Oksana Veniaminova was born in 1986 in Vitebsk, Belarus.
Through her photography projects, she shows to be highly interested in popular belief and social practises she can surely dig into, representing them through a peaceful aesthetic. She has been dealing with the concept of memory and modern thinking in various ways, always based on extensive and intimate research.
About ‘A Tale of Things’ – words by Oksana Veniaminova:
This series is based on stills constructed with objects. Some of those are family relics and remembrances, others just resemble artefacts from the past: grandma’s brooch, grandpa’s comb, sister’s cut hair, tableware. In a twisted way it interprets some of the memorial rituals common in the country I live: going from preserving things, to the tradition of covering a glass of water/vodka with a piece of bread at a funeral.
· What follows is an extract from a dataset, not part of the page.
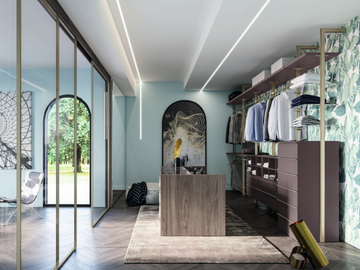 CA04 - Sectional wooden walk-in wardrobe by Giessegi - view 2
All these things from the past combined with items from modernity create symbols of time, death, connection, memory and blood ties. By designing these stills, I am questioning the authenticity of our recollections and the reliability of human memory.
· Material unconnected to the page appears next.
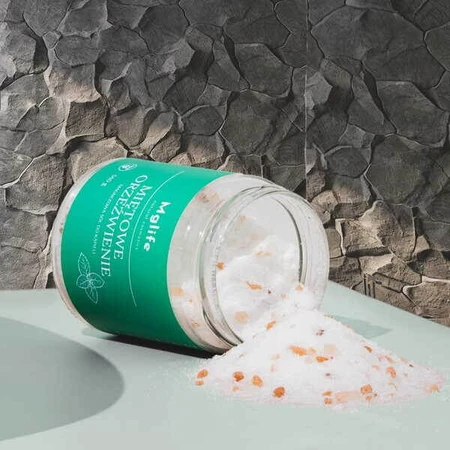 Mglife Natural Cosmetics Peppermint refreshment, magnesium bath salt, 540 g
The series may as well be a metaphor to the impossibility of fulfilling some of the processes of our lives as human beings. Our failure to get absolute satisfaction, incompatibility, disharmony, anxiety, the inability of self-fulfilment, leading to traumas and frustration.
Probably, this project may serve as an example of the power to construct any narrative using universal symbols while triggering emotions comprehensible enough to influence and involve. Thus, the represented pool of images may exist and be interpreted in various ways, implying the notion of post-truth.